Het avondeten ging rustig verder, alleen ik deed niet echt mee. Ik keek strak voor me uit zonder dat iemand opmerkte dat ik pas net weer wat kleur terug begon te krijgen in mijn gezicht. Ik begon een beetje van de schrik te bekomen en lepelde langzaam mijn rijst met prutje naar binnen. Mijn moeder maakte altijd rijst met prutje, niet echt smerige prut, maar gewoon een tomaten saus met gehakt en wat groenten, dat heet bij ons thuis prutje. Zoey, mijn zusje, en mijn ouders waren druk in gesprek over hun belevenissen van de dag, die zoals gewoonlijk totaal langs me heen gingen. Plotseling spitsten mijn oren zich, alsof je een geluid hoort wat niet past in je omgeving. Maar het was niet een geluid wat niet hoorde in onze keuken, het was de naam Soeke die ik hoorde vallen in het voorkort saaie gesprek van mijn ouders.
“Een aardige vrouw, Claire Soeke. Is verhuist vanuit Friesland ergens speciaal naar deze stad omdat haar man hier een baan werd aangeboden bij de politie.” hoorde ik mijn moeder zeggen.
“Waarom wilde ze die man helemaal uit Friesland hier naartoe halen dan?” vroeg mijn vader. Waarschijnlijk net zo verbaasd over het feit dat een man helemaal vanuit een klein dorpje in Friesland wordt overgehaald hierheen te komen.
“Hij blijkt een van de beste forensisch inspecteur te zijn van het land.” antwoordde mijn moeder opgetogen, alsof hij de hoofdprijs was in de loterij voor nieuwe stadsbewoners.
“Ze wilde graag de beste hebben omdat het percentage criminaliteit erg sterk toeneemt de laatste jaren.” ging ze opgetogen verder. Waarschijnlijk had ze dat allemaal opgepikt uit een van de honderd roddelcircuits waar ze deel van uit maakte. Maar toch bleef ik aandachtig luisteren.
“Nou, ben benieuwd of zo’n boere pummel er wat van bakt in de grote stad.” mompelde mijn vader argwanend.
“Dat ze in een boeren gat hebben gewoond betekend niet dat ze niet zijn opgeleid Ed!” mopperde mijn moeder. “Claire is trouwens een geweldige kunstenares.
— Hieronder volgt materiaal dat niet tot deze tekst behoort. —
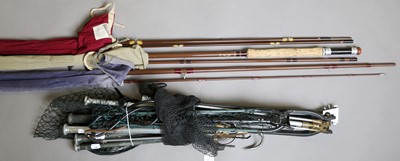 Lot 30 - A Hardy Richard Walker Superlite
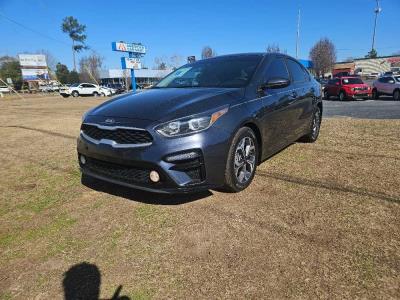 2019 Kia Forte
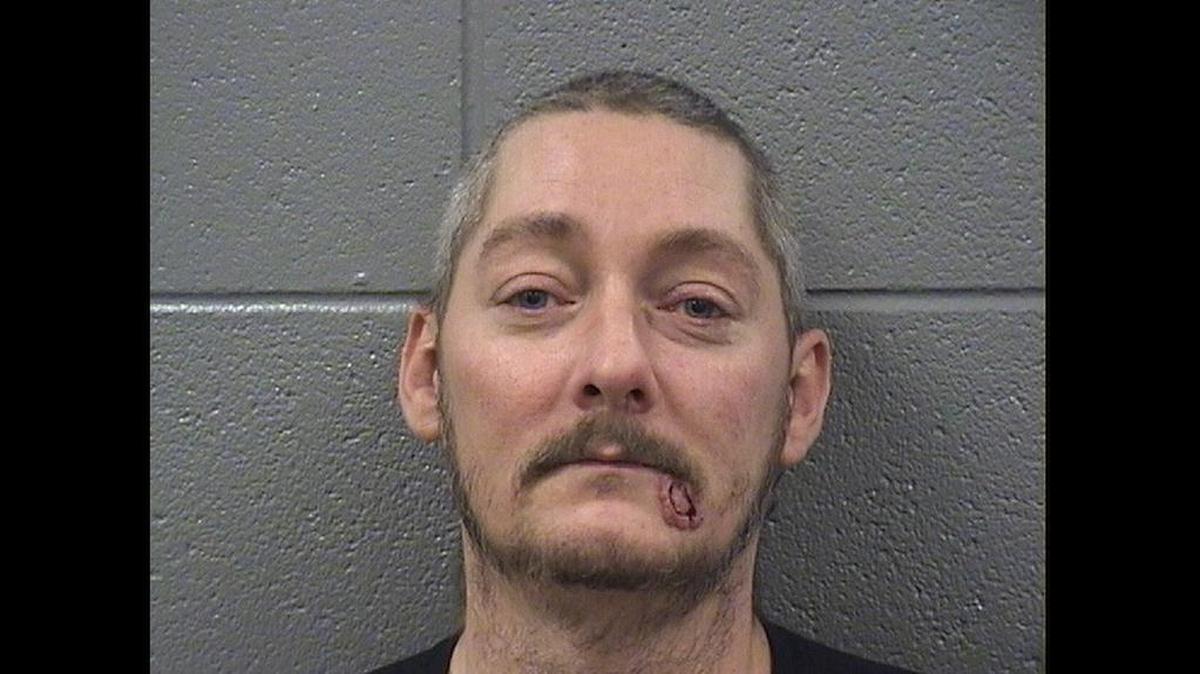 A Lyons, Illinois, man has been charged with disorderly conduct after police say he threatened to send a man armed with an AR-15 to the elementary school where his first-grade son was bullied.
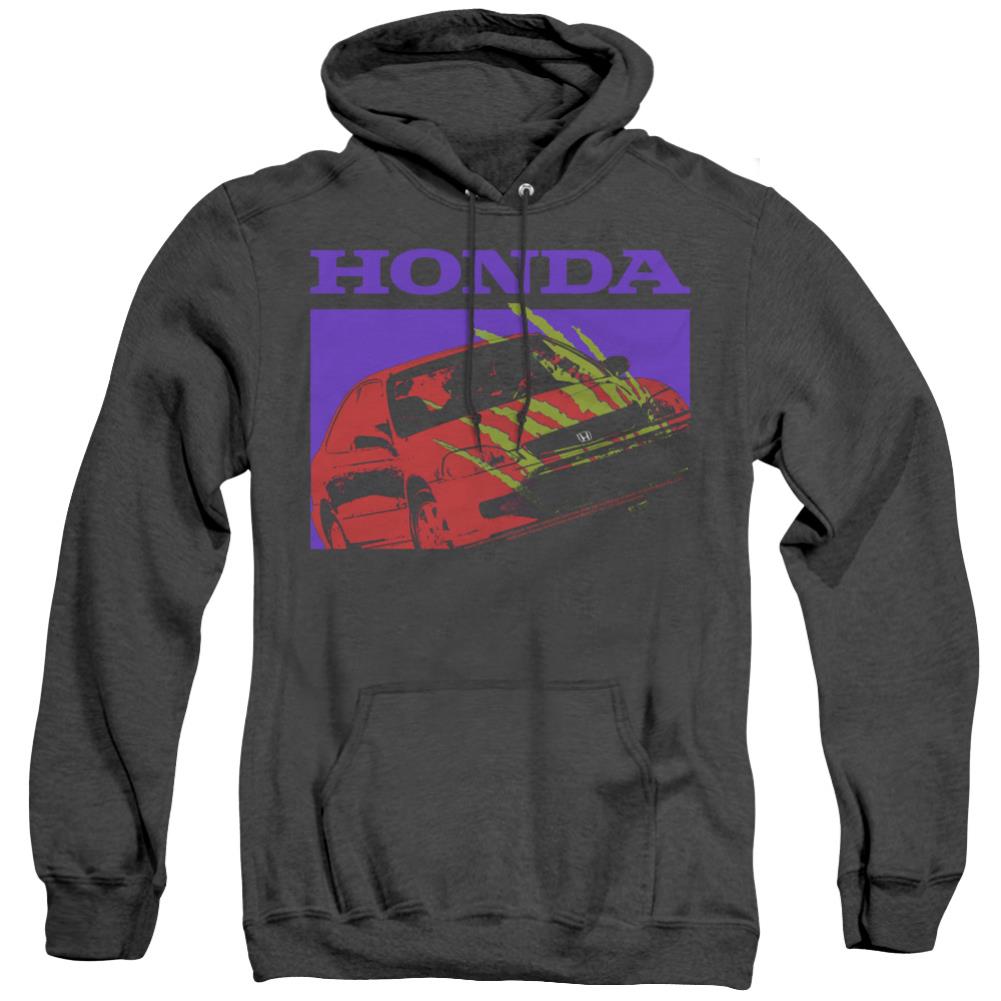 Honda Civic Bold Men's Pull-Over Hoodie
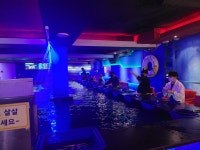 입큰붕어실내낚시카페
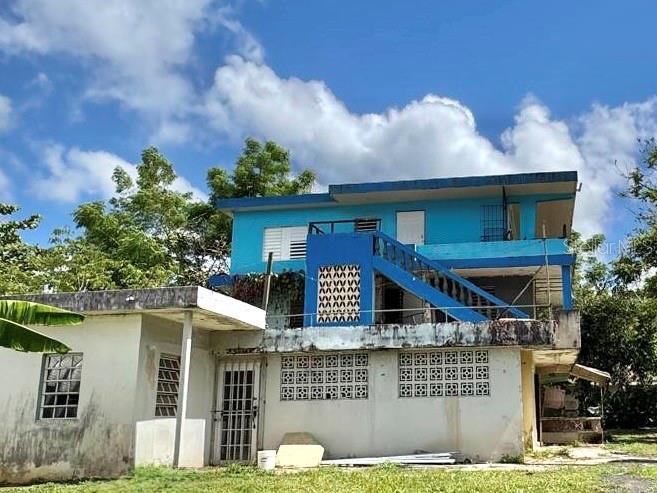 Bo. Bairoa La 25 Carr 796 Km Hm 1.0, CAGUAS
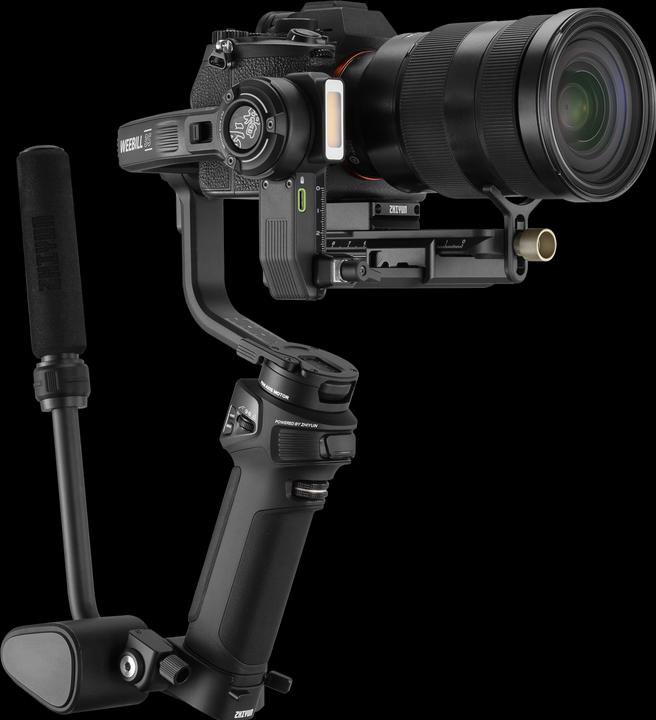 Image du produit Zhiyun Weebill 3S Combo (Appareil photo reflex, Appareil photo à objectif interchangeable, 3 kg)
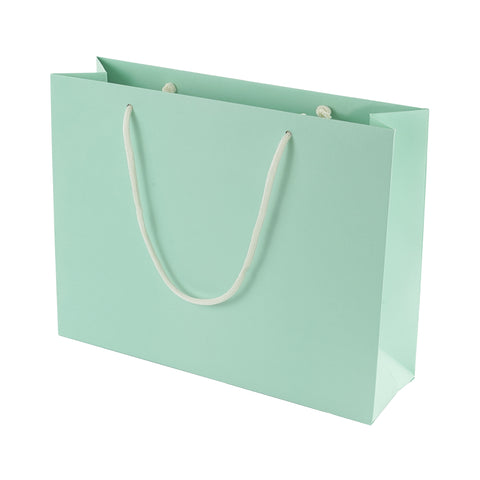 FSC A4 Landscape Eco Kraft Paper Gift Bag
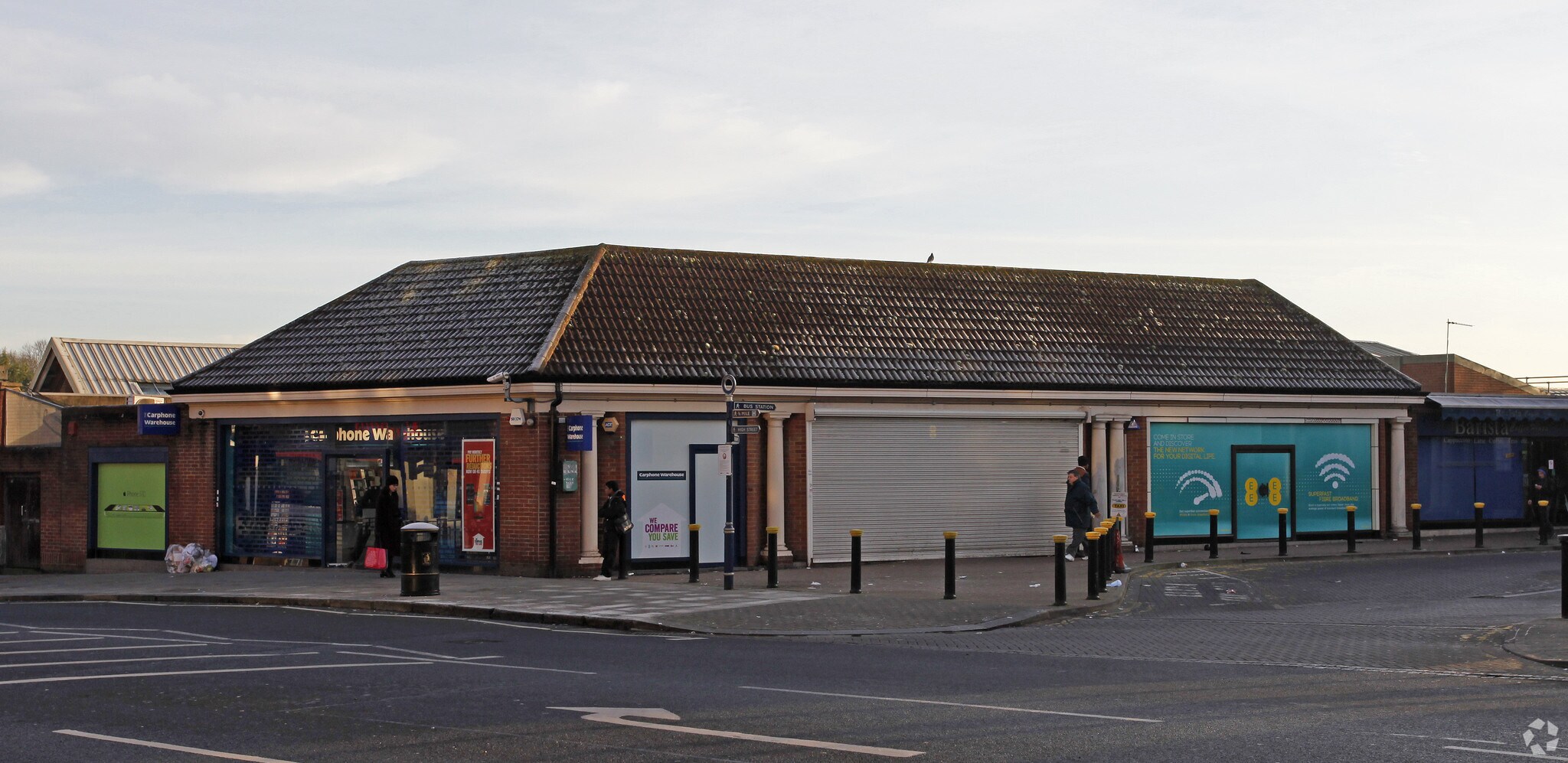 1-5 Station Rd, Edgware for sale Building Photo- Image 1 of 1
Ze maakt prachtige schilderijen!” ging ze snel over van onderwerp. Zelf wekte Marie al jaren in een kunstatelier waar verschillende kunstenaars een deel af konden huren om hun kunst te maken, tentoon te stellen en eventueel te verkopen. De meeste van hen waren vrouwen en bleven er langer werken dan gepland omdat ze bevriend raakten. Sommige waren echter echte doorreizigers en bleven niet langer dan een paar maanden. Ik was benieuwd hoe het zou gaan met Claire Soeke…
“Dan moet ik maar weer eens een keer langskomen.” Zei mijn vader. Aan zijn ogen zag ik dat het meer uit beleefdheid was dan echt uit interesse, maar mijn moeder had volgens mij niets door. Die glimlachte en ging verder met eten.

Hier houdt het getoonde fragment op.